• **WORK ORDER**: Repeat the span of the entries below that starts at the line with "Colar nossa senhora" and ends at the line with "Воден радиатор VALEO", nothing more. Skip the pictures.

• **MATERIALS PROVIDED**:
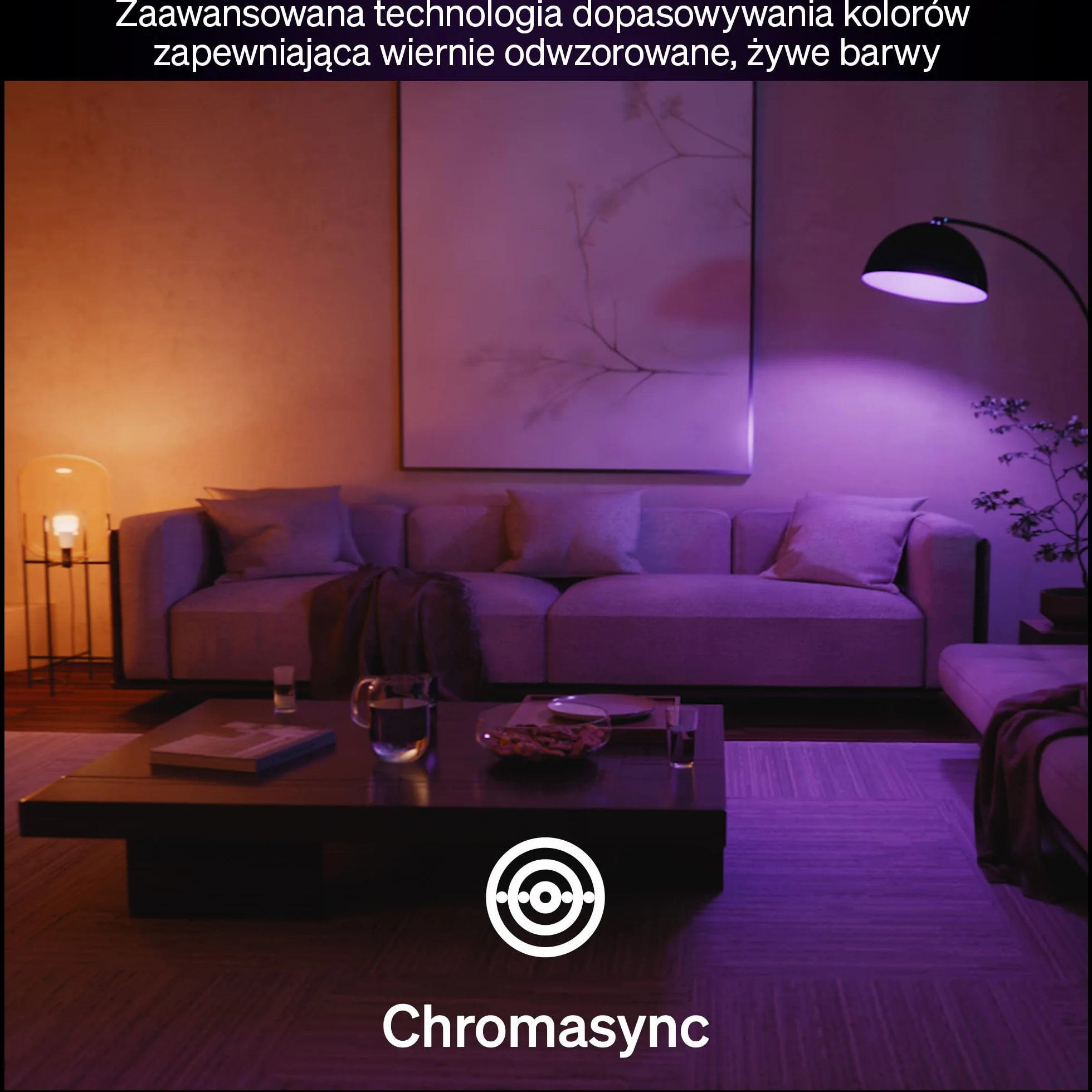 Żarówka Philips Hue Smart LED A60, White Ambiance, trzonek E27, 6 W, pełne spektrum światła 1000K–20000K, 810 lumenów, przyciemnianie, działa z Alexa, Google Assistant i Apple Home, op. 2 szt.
* * *
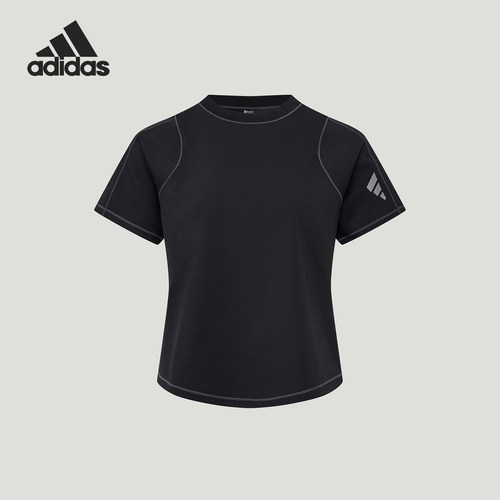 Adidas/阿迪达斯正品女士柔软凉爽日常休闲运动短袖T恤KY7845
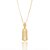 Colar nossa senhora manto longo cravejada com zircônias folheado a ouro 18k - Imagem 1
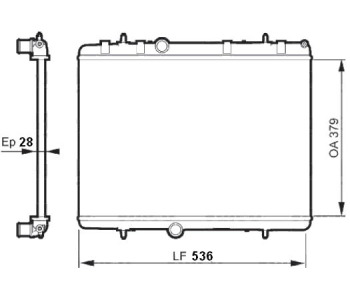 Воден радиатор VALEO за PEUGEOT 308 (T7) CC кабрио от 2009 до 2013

• **FINISHED EXERCISE**:
 Colar nossa senhora manto longo cravejada com zircônias folheado a ouro 18k - Imagem 1
 Воден радиатор VALEO за PEUGEOT 308 (T7) CC кабрио от 2009 до 2013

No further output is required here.